* [INSTRUCTIONS FOR THE TASK]
Exact copy, no pictures: return only the lines below from the line with "Huuraa Schultertasche Esame" up to and including the line with "Comprar Trompeta Halter".

* [INPUT DATA]
======

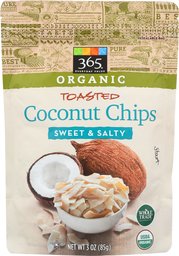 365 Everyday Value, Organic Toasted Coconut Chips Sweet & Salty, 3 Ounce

======

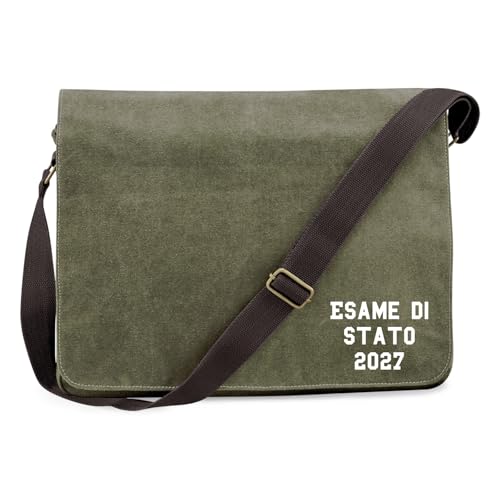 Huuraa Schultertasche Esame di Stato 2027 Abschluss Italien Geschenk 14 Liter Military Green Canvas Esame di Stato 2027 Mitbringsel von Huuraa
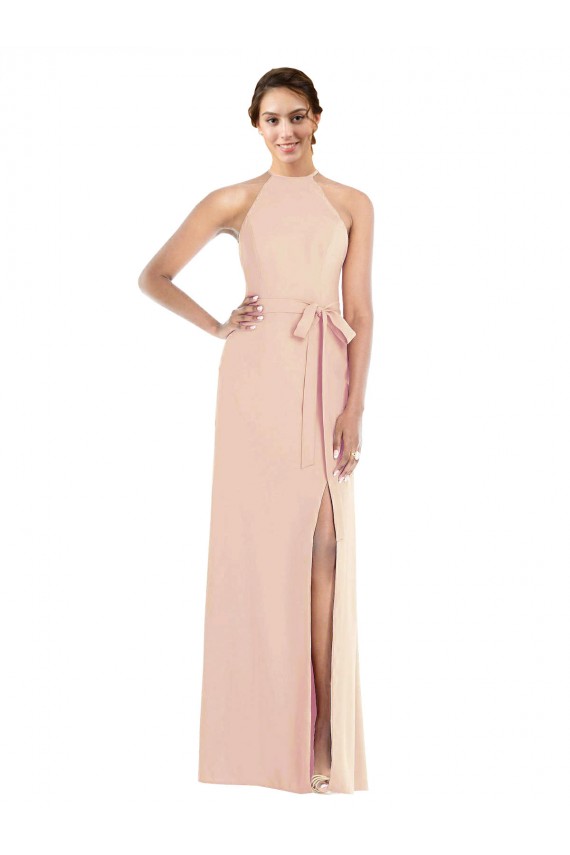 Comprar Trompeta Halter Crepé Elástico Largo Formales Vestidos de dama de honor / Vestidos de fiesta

======

* [OUTPUT BELOW]
 Huuraa Schultertasche Esame di Stato 2027 Abschluss Italien Geschenk 14 Liter Military Green Canvas Esame di Stato 2027 Mitbringsel von Huuraa
 Comprar Trompeta Halter Crepé Elástico Largo Formales Vestidos de dama de honor / Vestidos de fiesta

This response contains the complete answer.